Une randonnée dans des terrasses abruptes du plateau de Sayq, reliant plusieurs villages, nous permet de découvrir la culture du grenadier et des rosiers (ces derniers pour la fabrication d'eau de rose, utilisée aussi bien dans l'alimentaire que la parfumerie). Une autre nous fait découvrir après une belle et rude marche, une palmeraie superbement entretenue, véritable écrin de verdure caché au fond d'une vallée, dominant un chaos aride de blocs rocheux énormes... Ces terrasses de Phoenix dactylifera sont arrosées par un savant système de canaux d'irrigation (falaj) et forment cette fameuse oasis du bout du monde dont je rêvais...
D'autres randonnées nous familiarisent avec les wadis (ravines) dans lesquels nous crapahutons parfois plusieurs heures pour aboutir à des vasques grandioses où la baignade, au pied de falaises de plusieurs centaines de mètres, n'a rien à envier à la baignade dans les lagons tropicaux ou dans les lacs de montagne des Pyrénées... Que dire des bivouacs, entre 0 et 2 000 mètres d'altitude ; sur la plage de sable blanc de Fins, ou dans un wadi, cernés par les chèvres terriblement intéressées par notre repas du soir, ou sous les oliviers et genévriers du plateau de Sayq, un soir de pleine lune, sous le regard d'ânes débonnaires et peureux, ou dans les sables ocres du désert…
Comment ne pas apprécier la marche de trois heures dans le désert des Wahibas, pieds nus, à l'assaut de dunes de sable orangé ? Là même où Wilfred THESIGER, au milieu du XXème siècle a vécu plusieurs années, en véritable bédouin parmi les bédouins, afin de préciser les cartes géographiques, les implantations tribales, et surtout assouvir lui aussi son rêve de désert ? Cet Anglais, explorateur dans l'âme, a été un des premiers chrétiens à traverser, plus ou moins incognito, le "désert des déserts" qui étend son immensité entre le sultanat actuel et le royaume d'Arabie Saoudite.
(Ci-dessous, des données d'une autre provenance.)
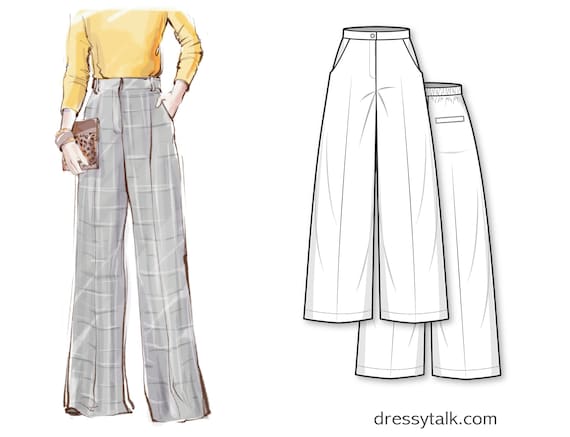 Pants Sewing Pattern Ladies Formal Trousers Pattern Flare Pants Pattern  Palazzo Pants Pattern High Waisted Wide Leg Pants Pattern -  Canada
Et l'un des derniers à côtoyer bédouins et tribus avant l'exploitation pétrolière intensive qui allait tout bousculer...
Un mot, enfin pour évoquer plus précisément les palmiers du sultanat. On peut parler de monoculture ; à part un modeste Caryota aperçu devant le Palais du Sultan, deux ou trois cocotiers dans une marina à Mascate, peut-être quelques Washingtonia ici et là, c'est partout le règne sans partage et dominateur du palmier dattier ! Véritable richesse à tout point de vue ; d'abord les constructions traditionnelles (barasti) utilisent les palmes ; le stipe permet de réaliser des charpentes. Les palmes servent aussi à la confection de balais, de cordes et de quantité́ d'objets ; des coupes (utilisées pour recueillir le lait des chamelles) sont réalisées avec des feuilles tressées associées à du cuir de dromadaire. Sans oublier bien sûr l'essentiel : la production de dattes. Des variétés nombreuses, différentes par la taille, la couleur et la saveur. Compter sur une récolte par pied située entre 100 et 200 kg. Des palmeraies de ville (comme autour du fort de Nizwa) ou des palmeraies isolées au fond de wadis, plus ou moins cachées ; le Phoenix dactylifera est omniprésent dans le paysage omanais, et plus généralement sur toute la péninsule arabique.